▸ Provided data:

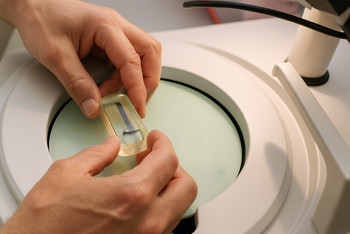 Hände platzieren eine kleine Probe auf einem Gerät zur metallografischen Schliff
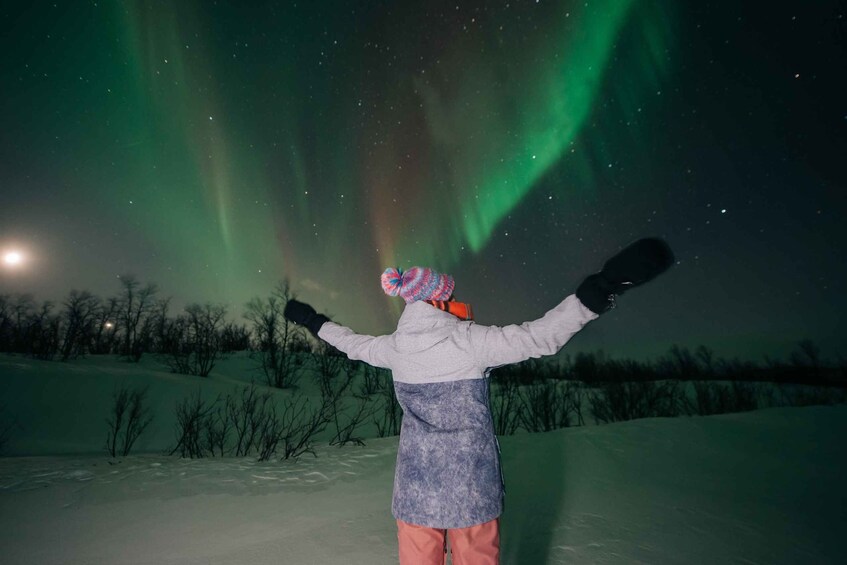 A person standing in the snow with arms raised, facing the night sky with visible aurora borealis. 4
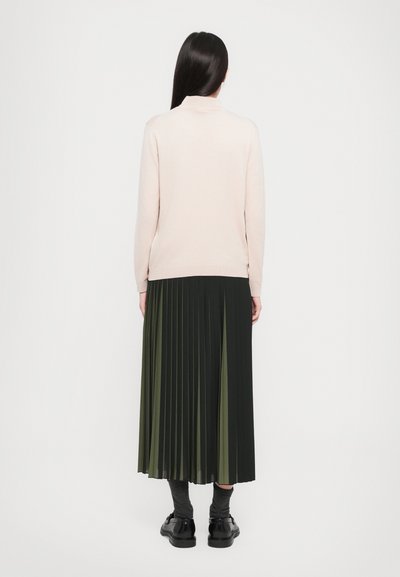 Woman with long dark hair wearing a light pink sweater and a black and olive-green pleated midi skirt, standing facing away on a plain background.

▸ What is required: Return the listing above in full and without alteration, excluding its pictures.

▸ Result of this exercise:
 Hände platzieren eine kleine Probe auf einem Gerät zur metallografischen Schliff
 A person standing in the snow with arms raised, facing the night sky with visible aurora borealis. 4
 Woman with long dark hair wearing a light pink sweater and a black and olive-green pleated midi skirt, standing facing away on a plain background.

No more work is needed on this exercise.